Na justificativa para a proposição, Damous argumenta que a medida preserva a voluntariedade da delação premiada, evitando que a prisão cautelar seja usada como instrumento de pressão psicológica sobre o acusado. A medida também evitaria prisões processuais sem fundamentação idônea, decretadas apenas para pressionar o preso a aceitar um acordo de delação.
O argumento foi abraçado pelos petistas
durante os anos de vigor da Lava-Jato e agora pelos bolsonaristas. Estes
esperam que o projeto possa provocar uma decisão do Supremo anulando a delação
de Mauro Cid. Embora a medida não tenha efeito retroativo, anulando acordos já
homologados, sua aprovação poderia autorizar o argumento de que delações
anteriores foram viciadas.
Sem surpresa, boa parte do debate sobre a
medida está marcada por oportunismo: a ação beneficia a quem? Precisamos
escapar, porém, do partidarismo imediatista e discutir as propostas pelo
mérito, e não pelos efeitos sobre certos grupos.
Tomemos o caso de Filipe
Martins, o assessor de Bolsonaro preso por Alexandre
de Moraes na Operação Tempus Veritatis. Martins não é exatamente um
ator político que desperta minha simpatia. Defende posições que considero
antidemocráticas e foi flagrado fazendo um gesto racista (ele nega). Além
disso, parece haver boas evidências de que participou na elaboração da “minuta
do golpe”. Se for provado que é culpado, torço por uma condenação dura.
Minha simpatia ou a falta dela, porém, não
deveriam importar. Sua prisão preventiva se baseou em incertezas sobre sua
localização e em indícios de que poderia estar fora do país para evitar
responsabilização penal. Segundo Cid, Martins estava na lista de passageiros
que viajaram no avião presidencial para Orlando em 30 de dezembro de 2022. O
site Metrópoles publicou reportagem afirmando que o nome de Filipe constava no
portal I-94, produzido pelo Departamento de Alfândega e Proteção de Fronteiras
dos Estados
Unidos. A Polícia Federal encontrou Martins na casa dos sogros em Ponta Grossa
(PR) e alegou que a falta de registro de entrada no país indicava
intenção de burlar o controle migratório.
Desde então, a defesa de Martins ofereceu
provas de que ele esteve sempre no Brasil.
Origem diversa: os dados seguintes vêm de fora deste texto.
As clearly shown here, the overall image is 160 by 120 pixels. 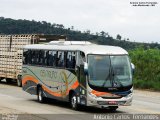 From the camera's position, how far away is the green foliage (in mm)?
41375

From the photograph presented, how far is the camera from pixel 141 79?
42.4 metres

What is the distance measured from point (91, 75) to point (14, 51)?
2115cm

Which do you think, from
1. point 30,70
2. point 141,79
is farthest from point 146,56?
point 30,70

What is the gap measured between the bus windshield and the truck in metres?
16.9

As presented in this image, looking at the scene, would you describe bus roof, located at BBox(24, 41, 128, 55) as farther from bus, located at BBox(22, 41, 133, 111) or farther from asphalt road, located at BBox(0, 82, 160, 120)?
asphalt road, located at BBox(0, 82, 160, 120)

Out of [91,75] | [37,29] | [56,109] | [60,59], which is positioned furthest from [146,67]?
[37,29]

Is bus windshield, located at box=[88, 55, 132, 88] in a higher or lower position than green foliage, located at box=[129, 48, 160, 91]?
higher

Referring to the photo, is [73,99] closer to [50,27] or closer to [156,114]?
[156,114]

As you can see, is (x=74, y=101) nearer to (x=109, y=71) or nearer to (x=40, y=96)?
(x=109, y=71)

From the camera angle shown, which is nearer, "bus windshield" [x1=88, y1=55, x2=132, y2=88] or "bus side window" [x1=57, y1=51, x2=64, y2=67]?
"bus windshield" [x1=88, y1=55, x2=132, y2=88]

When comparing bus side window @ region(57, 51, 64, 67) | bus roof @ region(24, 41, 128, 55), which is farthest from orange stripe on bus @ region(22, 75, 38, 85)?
bus side window @ region(57, 51, 64, 67)

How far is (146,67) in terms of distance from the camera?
4253 cm

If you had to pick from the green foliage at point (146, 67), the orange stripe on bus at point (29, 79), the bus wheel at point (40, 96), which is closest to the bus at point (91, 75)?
the bus wheel at point (40, 96)

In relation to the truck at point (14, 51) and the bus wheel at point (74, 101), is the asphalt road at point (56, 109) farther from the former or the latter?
the truck at point (14, 51)
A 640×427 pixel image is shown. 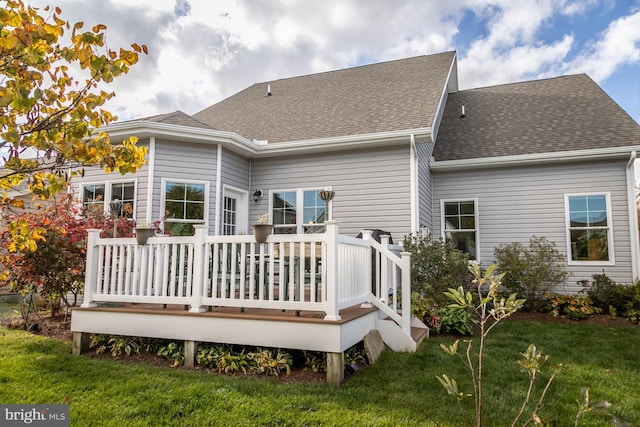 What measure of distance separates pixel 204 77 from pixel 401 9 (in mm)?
6174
Documentos de autoridades americanas
e brasileiras mostraram que não desembarcou nos Estados Unidos nem embarcou no
avião presidencial. A defesa apresentou passagens aéreas no Brasil,
fotografias, pedidos no iFood e outras evidências de que ele não viajou para os
Estados Unidos. Mesmo assim, Martins permanece preso.
Bolsonaristas alegam que a prisão visa a
forçá-lo a aceitar uma delação premiada. Não temos como saber se é verdade.
Porém o simples fato de presos poderem fazer delação e de a prisão poder ser
usada como elemento coercivo lança suspeitas sobre sua manutenção.
O fim da colaboração premiada de presos é
razoável, independentemente de beneficiar bolsonaristas acusados de golpe ou
petistas acusados de corrupção. Precisamos separar nossas aspirações políticas
dos meios de chegar a elas. A História nos mostra que descuidos e excessos na
Lava-Jato, que em algum momento pareceram ajudá-la, são hoje os fundamentos
para que possa ser paulatinamente desmontada. Não podemos deixar que o mesmo
aconteça com as investigações do 8 de Janeiro.